Hopes high for Anzac future

More than 10,000 Australians and New Zealander watch the ANZAC Centenary Dawn Service at the ANZAC Commemorative Site at ANZAC Cove, Gallipoli, Saturday, April 25, 2015. Australian Prime Minister Tony Abbott, New Zealand Prime Minister John Key, and Prince Charles and Prince Harry all attended the service. (AAP Image/Dean Lewins) NO ARCHIVING

Organisers behind the successful Anzac Day dawn service at Gallipoli are expecting almost as many people to pack the battlefield site for next year’s ceremony.

A day after 10,500 people crowded into the Anzac Commemorative Site on Gallipoli’s North Beach, Gallipoli dawn service, Australian services director Tim Evans said between 8000 and 10,000 people were expected for the 2016 service.

It is unlikely a ballot system will be used, however, meaning places will be available on a first-in basis.

Mr Evans said interest in Anzac Day spiked following the 90th anniversary in 2005 and numbers had been between 8000 and 10,000 for four years afterwards.

“Some of the things that might portend a continuing high level of interest is that some 42,000 Australians registered in the ballot and of course less than a quarter of those were successful,” Mr Evans told AAP.

One possible challenge to ongoing interest in Gallipoli for Anzac pilgrims is the focus on centenaries on European battlefields.

More than 6000 people attended the Anzac Day service at Villers-Bretonneux in France and interest in the French battlefield is expected to grown as the centenary of the April 25, 1918 battle, in which 1200 Australian soldiers were killed, approaches.

“As Australia’s focus on the First World War centenary moves to the Western Front from Gallipoli, we might find that the services that we hold in France and Belgium from 2016 to 2018 attract not only a high level of attendance but attract away some of those people who might have gone to Gallipoli,” Mr Evans said.
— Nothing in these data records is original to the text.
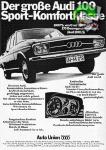 Audi 1969 3.jpg
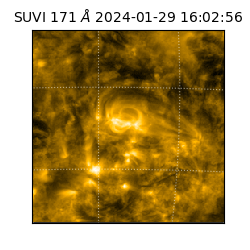 suvi - 2024-01-29T16:02:56.084000
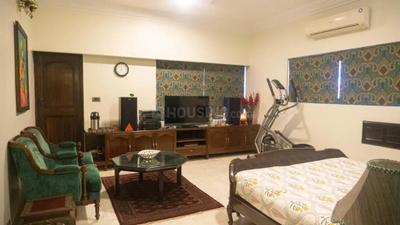 Hall Image of 9000 Sq.ft 6 BHK Villa for sale in Nungambakkam Chennai for Rs. 250000000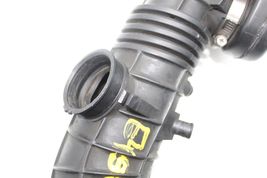 95-97 HONDA ODYSSEY 2.2L AIR INTAKE PIPE HOSE E4987 image 6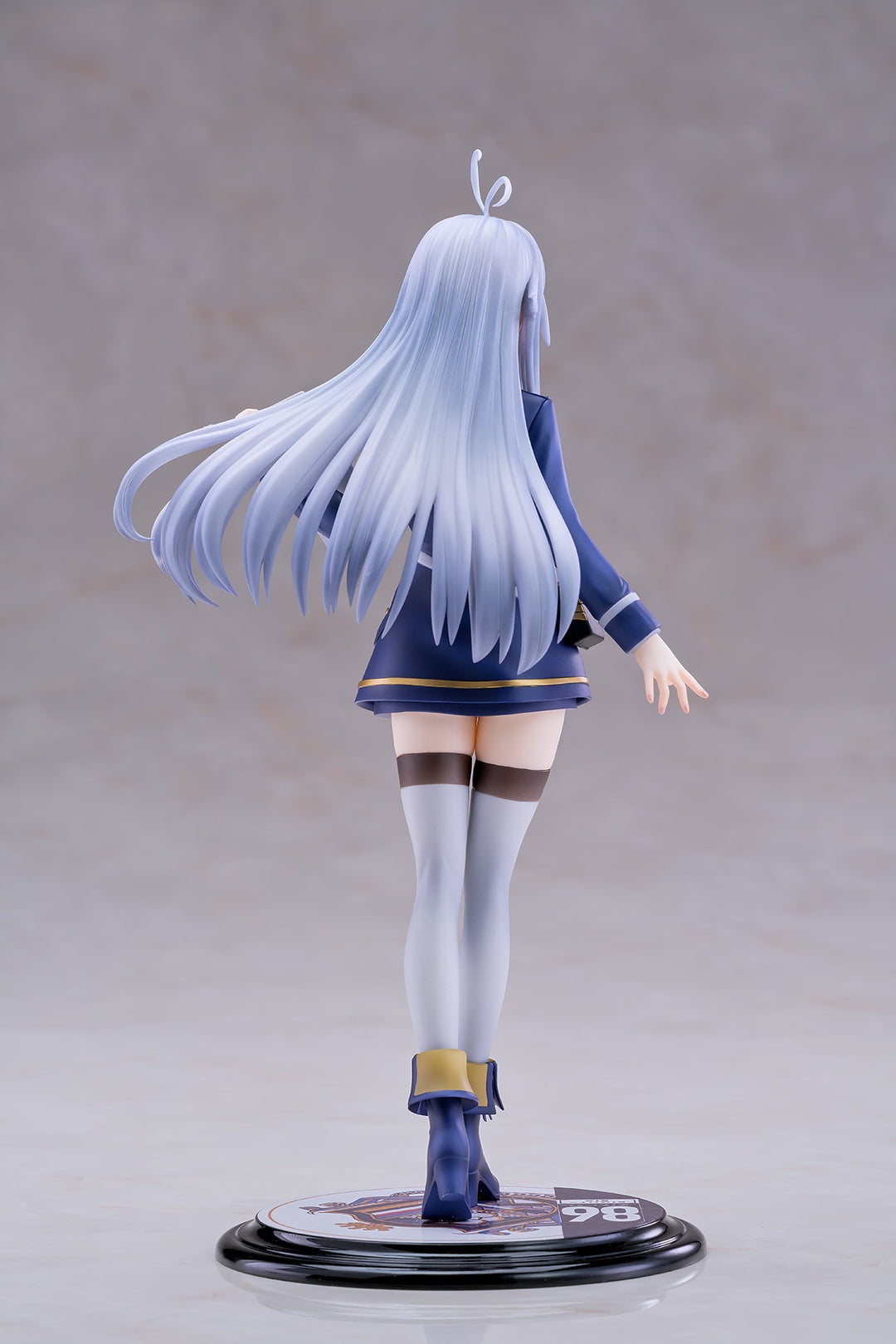 86―エイティシックスー レーナ 1/7スケール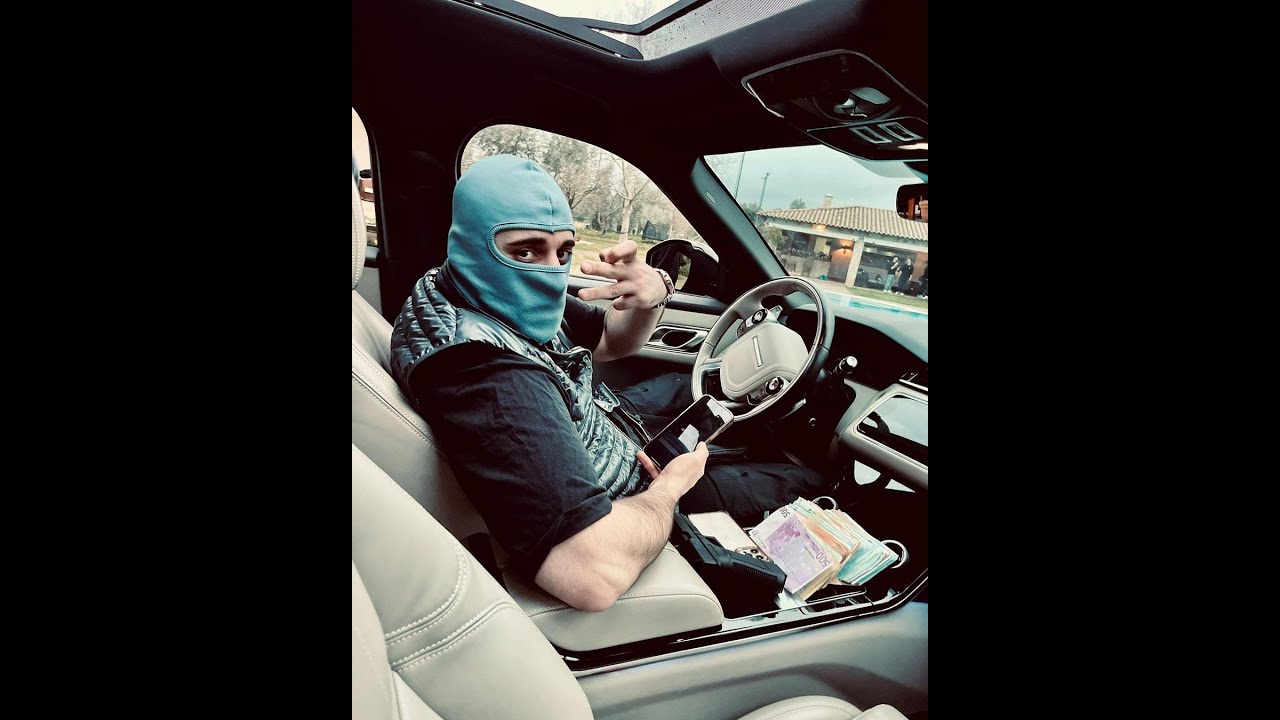 FLY LO -  OBAMA (Unreleased)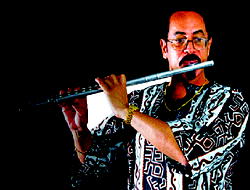 PMAN crisis deepens as Pretty Okafor battles Tee Mac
In Eceabat, the Turkish port town closest to the Gallipoli battlefields, life was returning to normal on Sunday, with police barricades removed from the streets and no sign of the thousands of security personnel and 304 tourist coaches that had filled the town and the peninsula.

Despite the quiet, and despite Gallipoli tourists increasingly travelling directly from Istanbul rather than staying nearby, hotel operators are confident interest in Anzac Day will be sustained.

Burak Bagci, managing director of Hotel Bagci in Eceabat, said he expected 6000 to 7000 Australian and New Zealand visitors in 2016.

“There were many people who wanted to come this year and missed out, so they will come next year,” he said.

Gallipoli-area hotels are not solely reliant on Anzac tourism either: already accommodation is booked up for the annual bayram holiday, which follows the Muslim month of fasting, Ramadan, in July.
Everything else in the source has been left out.